Admittedly, every imbalanced system caused distortions. The Romans had to debase their coins due to the continuous loss of gold to India. The Spanish empire flooded the world with silver coins as it tried to pay for its wars. Bretton Woods I ended when the dollar's peg to gold became untenable, while Bretton Woods II suffered from the misallocation of capital. However, the existence of distortions does not mean that these systems did not last for long periods of time.

Moreover, there is almost no episode of sustained global expansion that was characterised by balance. The exception is the early nineteenth century, when the East India Company deliberately imposed a triangular trade system where Britain sold manufactured goods to India in order to buy Indian opium, which, in turn, was sold in China to finance the purchase of tea and other products. Thus, global "balance" required war, colonisation and drug trafficking.

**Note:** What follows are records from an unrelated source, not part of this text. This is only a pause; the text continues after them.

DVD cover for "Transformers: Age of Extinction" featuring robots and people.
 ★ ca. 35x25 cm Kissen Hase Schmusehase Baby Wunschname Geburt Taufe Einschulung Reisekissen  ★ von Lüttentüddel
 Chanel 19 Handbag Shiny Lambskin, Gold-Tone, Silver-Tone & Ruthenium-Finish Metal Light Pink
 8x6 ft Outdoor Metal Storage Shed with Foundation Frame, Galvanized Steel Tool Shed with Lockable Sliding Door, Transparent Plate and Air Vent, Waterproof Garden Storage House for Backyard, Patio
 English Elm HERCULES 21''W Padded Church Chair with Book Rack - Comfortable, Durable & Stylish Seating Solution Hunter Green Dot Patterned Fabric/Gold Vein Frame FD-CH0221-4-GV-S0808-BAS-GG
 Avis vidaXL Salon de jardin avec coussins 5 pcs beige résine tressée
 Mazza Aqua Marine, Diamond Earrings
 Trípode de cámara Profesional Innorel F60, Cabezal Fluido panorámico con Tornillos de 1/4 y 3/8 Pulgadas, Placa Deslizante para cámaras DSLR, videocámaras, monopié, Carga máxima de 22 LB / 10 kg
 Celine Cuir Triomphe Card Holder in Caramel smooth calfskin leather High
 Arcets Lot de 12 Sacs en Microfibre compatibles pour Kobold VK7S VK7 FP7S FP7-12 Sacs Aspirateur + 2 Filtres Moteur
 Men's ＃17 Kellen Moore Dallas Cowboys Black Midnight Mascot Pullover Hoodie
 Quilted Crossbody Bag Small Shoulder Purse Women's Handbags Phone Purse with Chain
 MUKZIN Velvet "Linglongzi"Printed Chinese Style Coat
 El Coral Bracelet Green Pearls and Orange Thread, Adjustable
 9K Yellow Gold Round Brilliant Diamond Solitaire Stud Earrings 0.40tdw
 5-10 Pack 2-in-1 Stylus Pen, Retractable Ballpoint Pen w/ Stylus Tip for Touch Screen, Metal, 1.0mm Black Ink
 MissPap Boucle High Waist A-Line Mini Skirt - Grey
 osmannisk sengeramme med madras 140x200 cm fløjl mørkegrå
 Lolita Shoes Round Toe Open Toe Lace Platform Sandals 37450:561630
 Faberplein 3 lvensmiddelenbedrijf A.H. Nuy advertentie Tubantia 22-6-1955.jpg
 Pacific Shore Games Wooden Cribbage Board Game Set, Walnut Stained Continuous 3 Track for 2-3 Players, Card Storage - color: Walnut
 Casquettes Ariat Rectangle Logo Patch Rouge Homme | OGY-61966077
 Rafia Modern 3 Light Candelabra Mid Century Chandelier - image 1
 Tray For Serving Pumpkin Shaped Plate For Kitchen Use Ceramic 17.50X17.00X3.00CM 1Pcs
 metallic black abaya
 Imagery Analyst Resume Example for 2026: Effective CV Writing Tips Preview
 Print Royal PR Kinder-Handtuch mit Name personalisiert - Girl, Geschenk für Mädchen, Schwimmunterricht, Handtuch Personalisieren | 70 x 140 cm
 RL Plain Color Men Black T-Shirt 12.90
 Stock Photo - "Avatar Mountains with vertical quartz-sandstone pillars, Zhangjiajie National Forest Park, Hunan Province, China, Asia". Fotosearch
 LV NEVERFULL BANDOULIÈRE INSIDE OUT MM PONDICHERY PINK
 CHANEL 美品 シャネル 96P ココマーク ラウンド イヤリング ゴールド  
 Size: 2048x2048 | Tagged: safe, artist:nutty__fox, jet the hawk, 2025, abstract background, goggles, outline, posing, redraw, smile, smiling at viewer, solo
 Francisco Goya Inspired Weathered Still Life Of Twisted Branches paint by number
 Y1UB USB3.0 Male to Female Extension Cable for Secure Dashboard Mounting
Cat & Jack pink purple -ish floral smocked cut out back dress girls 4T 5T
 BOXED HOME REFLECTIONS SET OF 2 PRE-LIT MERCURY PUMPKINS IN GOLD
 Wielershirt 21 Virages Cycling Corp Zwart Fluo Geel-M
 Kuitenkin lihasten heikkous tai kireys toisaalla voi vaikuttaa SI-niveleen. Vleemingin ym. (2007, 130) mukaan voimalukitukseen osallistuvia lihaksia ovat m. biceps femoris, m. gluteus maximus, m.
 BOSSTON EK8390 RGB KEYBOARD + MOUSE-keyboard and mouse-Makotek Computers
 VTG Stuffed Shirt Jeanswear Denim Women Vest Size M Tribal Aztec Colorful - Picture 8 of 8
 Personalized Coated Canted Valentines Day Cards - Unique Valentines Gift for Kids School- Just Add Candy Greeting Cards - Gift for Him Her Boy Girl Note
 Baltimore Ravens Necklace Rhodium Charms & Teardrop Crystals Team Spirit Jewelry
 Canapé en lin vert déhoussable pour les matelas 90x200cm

This brings us to the present problem: what symbiotic imbalance will underpin the next round of economic growth?

It appears that, once again, it will fall to the US to run the world's deficits in what could be dubbed Bretton Woods III. It has not just the scale that's required, but also the youngest demographics of any major developed country. Many readers may be appalled that a country that is perceived to be so indebted should be expected to run more deficits. However, the circumstances are such that the world is willing to finance the US at negative real interest rates. Notice how the world is complaining about America's unwillingness to run up ever more debt by raising the debt ceiling!

Thus, we are faced with what is called Triffin's dilemma. On the one hand, it is possible that the US is unable or unwilling to take on this role. Then we should expect the world economy to flounder in a savings-glut environment of low demand and cheap capital till some other alternative emerges. On the other hand, the US may eventually be enticed by the cheap cost of international capital to absorb some of the excess savings. This would trigger the period of global expansion, which, in turn, would generate its own distortions. The likelihood of its eventual demise, however, does not mean that we should wait for some theoretical ideal of balance. Indeed, the arrangement could last a long time if the US uses the capital to fund sensible investments rather than consumption.